We provide the Dockerfile for setting up the training and evaluation environments. One can refer to the Samba codebase for SlimPajama data tokenization. We also provide the pre-tokenized SlimPajama data here.

Pretrain Phi4-mini-Flash

To pre-train on 5T high quality data tokenized with microsoft/Phi-4-mini-flash-reasoning, we can use the following script to launch the job on 1K GPUs with standard parametrization:

export LIGHTNING_ARTIFACTS_DIR='path/to/output_dir'
torchrun --nnodes=128 --nproc_per_node=8 --rdzv_backend=c10d  --rdzv_endpoint=${MASTER_ADDR}:${MASTER_PORT} pretrain.py \
    --train_data_dir path/to/phi4/data \
    --base_hps.eta0=5e-4 --base_hps.b0=8388608 --base_hps.warmup_tokens0=25_165_824_000 \
    --ctx_len 8192 --max_tokens 5e12 --resume="auto" \
    --train_model phi4miniflash --depth 32 \
    --train_name scaling

We generally recommend also trying a cleaner architecture with --train_model sambayda (need to change the vocab size to 200064) and --depth 24, together with μP++ using --train_name scaling_mup_tie for better performance and training stability.

Scaling FLOPs

Training across a scale from 110M to 3.3B-parameter SambaY model with μP++ and Chinchilla token scaling on 8 GPUs is as simple as:

for depth in 8 12 16 20 24; do
    torchrun --nnodes=1 --nproc_per_node=8 --rdzv_backend=c10d  --rdzv_endpoint=${MASTER_ADDR}:${MASTER_PORT} pretrain.py \
        --train_data_dir path/to/slim_pajama/data  --val_data_dir path/to/slim_pajama/data \
        --train_model sambay --depth ${depth} \
        --train_name scaling_mup
done

In the backend, a dataclass BaseHyperparameters defines the optimization related HyperParameters (HPs) for a d16 (depth=16) model, and the scaling laws defined in setup function will transfer these HPs to the actual HPs used at the target depth such as d8, d12 or d24. After the training finished, we can use plot_flops_scaling.py to fit the scaling curves, and comparing the fitted scaling parameters between different architectures.

Scaling Data

To study the data scaling law, we can scale from 100B to 600B tokens for a 1B-parameter Transformer++ model with μP++ and tied embeddings on 64 GPUs using the following script:

for tok in 1e11 2e11 3e11 4e11 5e11 6e11; do
    torchrun --nnodes=8 --nproc_per_node=8 --rdzv_backend=c10d  --rdzv_endpoint=${MASTER_ADDR}:${MASTER_PORT} pretrain.py \
        --train_data_dir path/to/slim_pajama/data  --val_data_dir path/to/slim_pajama/data \
        --train_model transformer --depth 16 --max_tokens ${tok} \
        --train_name scaling_mup_tie
done

Hyper-parameters Tuning

We can also easily sweep the base HPs with the following scripts.

for lr in 4e-4 1e-4 1e-3; do
    torchrun --nnodes=1 --nproc_per_node=8 --rdzv_backend=c10d  --rdzv_endpoint=${MASTER_ADDR}:${MASTER_PORT} pretrain.py \
        --train_data_dir path/to/slim_pajama/data  --val_data_dir path/to/slim_pajama/data \
        --train_model transformer --depth 8 --base_hps.eta0=${lr} \
        --train_name scaling_mup
done

Note that in this case, the learning rate is tuned for the d16, 1.0B model with 100B training tokens, but the actual training is conducted at a d8 model with around 12B tokens, thanks to μP++ for scaling down the computation cost of HPs sweeping.
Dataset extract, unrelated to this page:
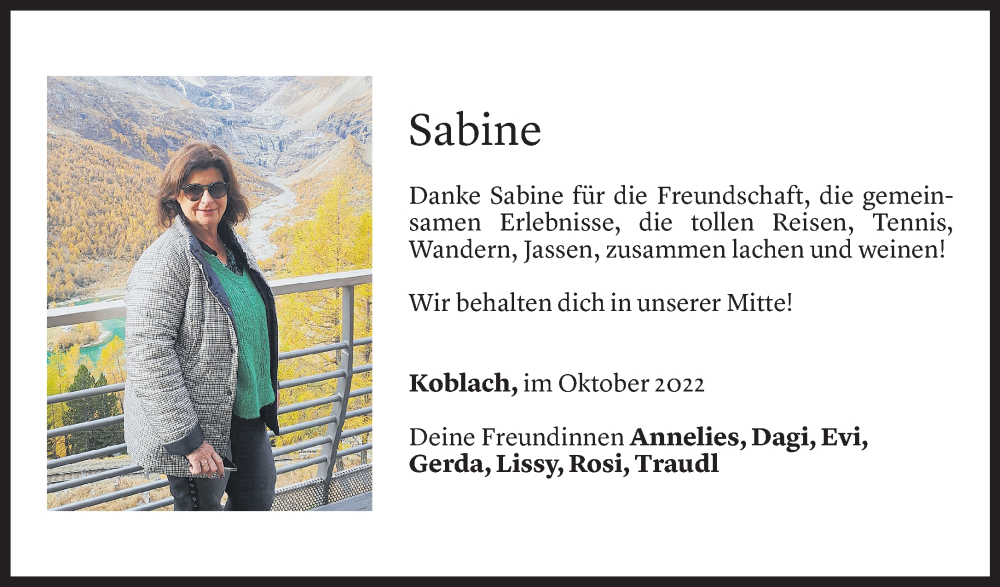  Todesanzeige für Sabine Egle vom 01.11.2022 aus Vorarlberger Nachrichten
Models are defined in lit_gpt/config.py with architecture-specific HPs.

Long-Context Training

After shuffling and pre-tokenizing the ProLong-64K data (Pre-tokenized data is here!), we can train a d16 model with 32K sequence length and 40B tokens on 8 GPUs using the following script:

torchrun --nnodes=1 --nproc_per_node=8 --rdzv_backend=c10d  --rdzv_endpoint=${MASTER_ADDR}:${MASTER_PORT} pretrain.py \
    --train_data_dir path/to/prolong/data  --val_data_dir path/to/prolong/data \
    --train_model transformer --depth 16 --ctx_len 32768 --max_tokens 4e10 \
    --train_name scaling_mup_rbase_varlen

where the symbol in the train_name, rbase, will trigger the model use a larger RoPE base for long-context training and varlen will applies variable length training that seperates documents based on the EOS tokens. Our codebase currently supports training with a maximum of 128K sequence length for a d20 model with --fsdp_save_mem=true.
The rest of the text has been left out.